28 SEPTEMBER 2006
From the math-actually-is-important department, here is today's problem: How do you program a computer if you're clueless about its innards?
Think about it. Today's computer chips are carefully designed with elaborate
circuitry, so that a program written in a standard language will tell them
what to do. But suppose
you have a computer chip hidden inside an impenetrable
black box, made not by Intel but by a mad nanoscientist who defies you to figure
out how to make it work.
It's not a screenplay for the next mad scientist movie (although that might be a good idea -- all rights reserved). In fact, it's a real-life scenario from the not too distant future.
To get faster and more powerful, computers need smaller and smaller components, which unavoidably means entering the realm of the nanoworld. Computer chips of the future will be covered by molecule-sized switches that convert inputs into outputs, which is, after all, what computing is all about.
Making such chips will be difficult, though. Even if you could figure out how to connect nanoswitches in precisely the right patterns, mass production with such small-scale precision would almost surely be prohibitively costly. It would be a lot cheaper to just dump molecules on a chip at random and see whether they can compute.
And that is exactly what might happen, say NASA scientists John Lawson and David Wolpert.
Nanochemists have plans for making molecules (or other nano-sized structures) that would organize themselves into linked networks, so that an electronic signal transmitted from one could influence another. Each molecular-sized switch would be either turned on (to send a signal) or off, depending on the signals it got from all the other switches it was connected to.
The question is, do you need to know how the switches are linked to program the chip to do what you want? The answer is no, say Lawson and Wolpert, of NASA's Ames Research Center in Moffett Field, Calif. All you need are some wires leading to and from the chip. Some wires would be for input -- providing the information needed to begin the computation. Other wires would provide output -- signals giving the answer to the computation. And a third set of wires would provide pathways to send in electrical voltage signals that "control" the computation.

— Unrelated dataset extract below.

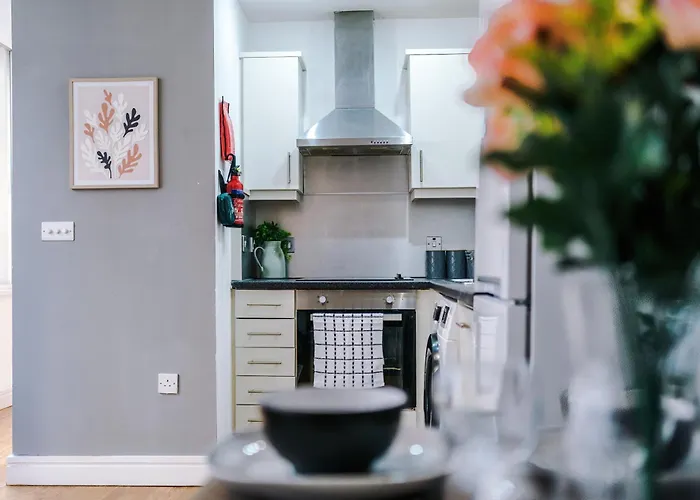 Cosy 2br In Center - With Wifi, Kitchen & Parking アパート *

To think about it in the simplest terms, imagine a chip that provides one output signal in response to two input signals. (Computer jargon: this sort of thing is called a logic gate). Let's say if you put in two 0s, you want to get a 0 out; if you put in a 1 and a 0, you want to get a 1. If you don't know how the switches are connected, it would seem hopeless to try to program them to compute those answers correctly. But if you send various voltages in via the control wires, the chip might start getting the right answers more often than not. Your goal, of course, is to get right answers all the time -- that is, keep the errors to an absolute minimum.
In a new paper, Lawson and Wolpert show how to write down a formula for making the error rate a minimum (ideally, zero). The inputs, outputs and control voltages are all represented in the equation. Computer simulations show how the equation can guide the choice of control voltages, ultimately finding a set of voltages that programs the chip to get the right answers.
In the simulations, each control wire acts as an independent "agent," trying out different voltages to seek the ones that get the error rate closer to zero. (Each agent "learns" to do better as the process progresses, basing new voltage choices on how well previous choices worked.)
Lawson and Wolpert's simulations show that different control agents, working independently, really can arrive at a set of signals that makes the chip get the right answer a high percentage of the time. In other words, the control agents solve the equation for minimizing mistakes, using a mathematically sophisticated form of trial and error.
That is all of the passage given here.